Mariana Guedes Gama Rodrigues e Débora Maiuri Cruz Brunetti: Embora estejam estabelecidos na legislação, os critérios não estão claros em seu texto, pois fazem referência a informações cadastrais, patrimoniais e econômico-fiscais fornecidas pelo contribuinte, sem informar, objetivamente, quais são estas informações e como elas são efetivamente utilizadas pela PGFN para alcançar a classificação do contribuinte. Ou seja, o processo de análise abre espaço para uma enorme discricionariedade por parte da PGFN, havendo pouca participação do contribuinte nessa fase inicial. Importa dizer que o contribuinte, em regra, só terá acesso à metodologia de cálculo da PGFN após realizado o seu enquadramento. Esse processo certamente deveria ser mais otimizado e adequado à realidade de cada contribuinte.

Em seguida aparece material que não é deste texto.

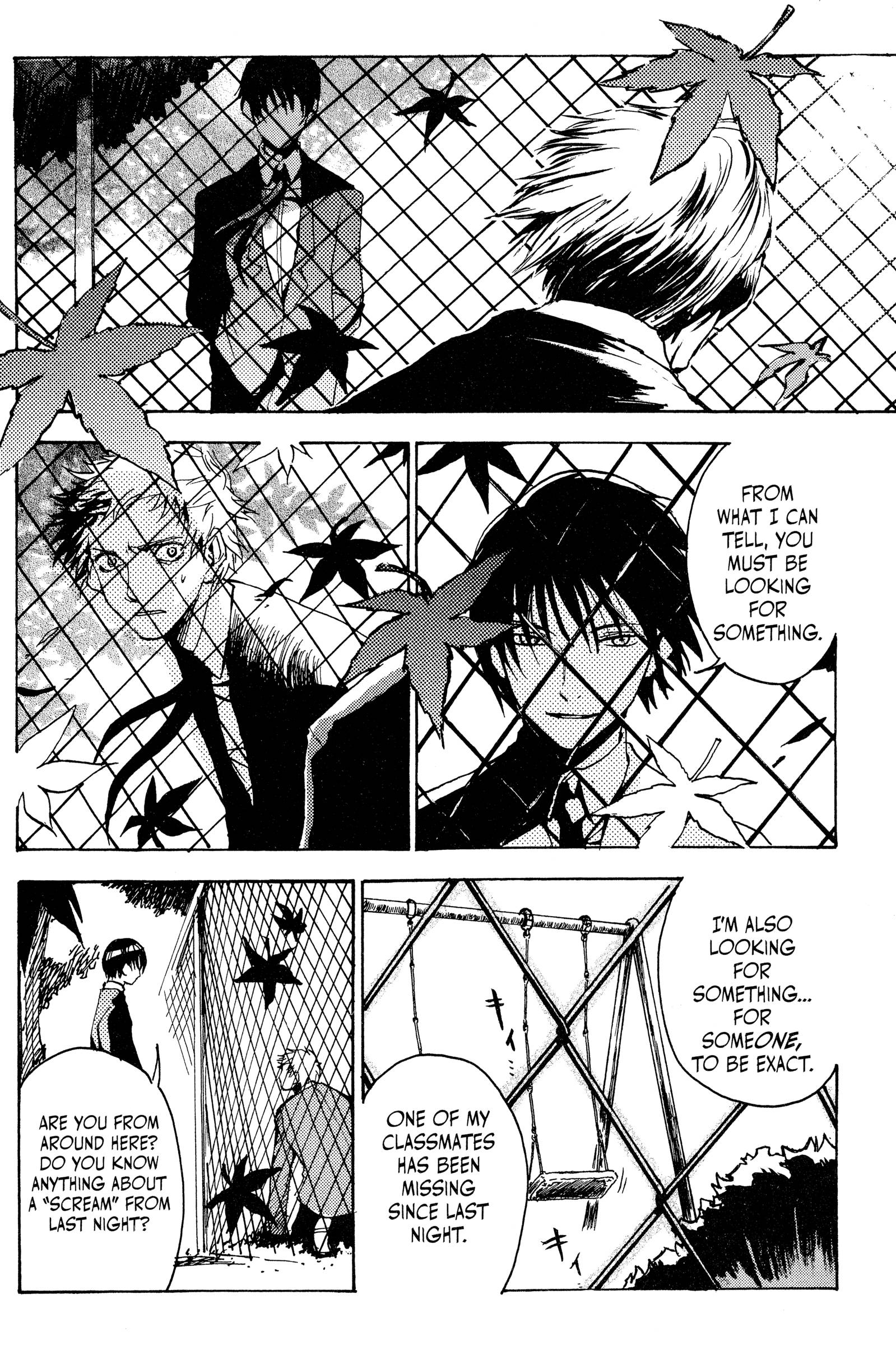 Page 120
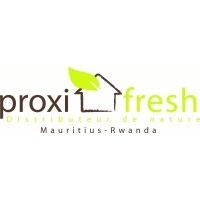 Proxifresh Rwanda Ltd logo, Proxifresh Rwanda Ltd contact details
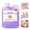 D1-240 ml/8.12 fl.oz Peach Scent EMA Monomer, variant on SAVILAND Monomer Acrylic Liquid - Professional Nail Art Acrylic System, 60 mL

Por exemplo, é muito frequente uma empresa que apresente expressiva receita bruta ser considerada pela PGFN como contribuinte com boa capacidade de pagamento sem que sejam considerados, em paralelo, os custos operacionais daquela empresa, que muitas vezes superam o seu faturamento, ou mesmo o seu grau de endividamento, o que evidentemente reduz a sua liquidez e a sua capacidade de honrar o parcelamento de tributos. Nesses casos, a receita bruta, por si só, não é determinante para que se afirme que determinado contribuinte possui grande capacidade de pagamento, muito pelo contrário. O aprimoramento desse processo requer, portanto, maior participação do contribuinte nas tratativas iniciais e que sejam levadas em consideração, na fórmula utilizada pela PGFN, informações que indiquem a baixa liquidez do contribuinte, como despesas que superem a sua receita, o nível de endividamento geral e não só tributário e a existência prévia de financiamentos dessas dívidas.


– Quais são as alternativas disponíveis aos contribuintes que não concordam com a classificação que receberam?

Mariana Guedes Gama Rodrigues e Débora Maiuri Cruz Brunetti: Na forma estabelecida pela Portaria 6.757/22, o contribuinte poderá apresentar pedido de revisão da classificação que lhe tenha sido atribuída, no prazo de 30 dias, contados da data em que tomar conhecimento do seu enquadramento. Nesse pedido, o contribuinte deve indicar o valor da capacidade de pagamento que estima para si, apresentando também a metodologia de cálculo e os documentos que sustentem suas conclusões. Caso a PGFN não reconsidere a capacidade de pagamento a partir do pedido de revisão do contribuinte, não restará alternativa senão buscar o Judiciário para requerer a reclassificação, como diversos contribuintes já vêm fazendo.


– Em recente decisão, a Justiça Federal do Rio de Janeiro determinou a mudança da classificação de um contribuinte. Qual é a importância dessa decisão?

Mariana Guedes Gama Rodrigues e Débora Maiuri Cruz Brunetti: Certamente se trata de um precedente muito relevante para os contribuintes, pois convalida, ainda que preliminarmente, a falta de clareza da metodologia utilizada pela PGFN. Mesmo após os efeitos desta decisão terem sido sustados pelo Tribunal Regional Federal da 2ª Região (TRF2) ao analisar o Recurso interposto pela União Federal, a existência de um posicionamento favorável ao contribuinte não pode ser desconsiderada.

Não podemos esquecer que, tanto a decisão de primeira instância, quando a decisão do TRF2 que a revogou, foram proferidas em caráter provisório, após uma análise apenas superficial dos elementos levantados no processo. É possível afirmar, então, que ao menos do ponto de vista processual, a decisão provisória do TRF2 não tem o potencial de interferir diretamente no convencimento do juiz de primeira instância, a quem ainda caberá proferir a sentença. Sendo assim, o posicionamento adotado pelo Juiz da 3ª Vara Federal do Rio de Janeiro permanece indicando uma forte tendência de que, em sentença, e após a análise aprofundada do caso, seja confirmada a alteração da classificação da capacidade de pagamento pleiteada pela autora da ação, dando novo fôlego à discussão e otimizando as chances em favor do contribuinte.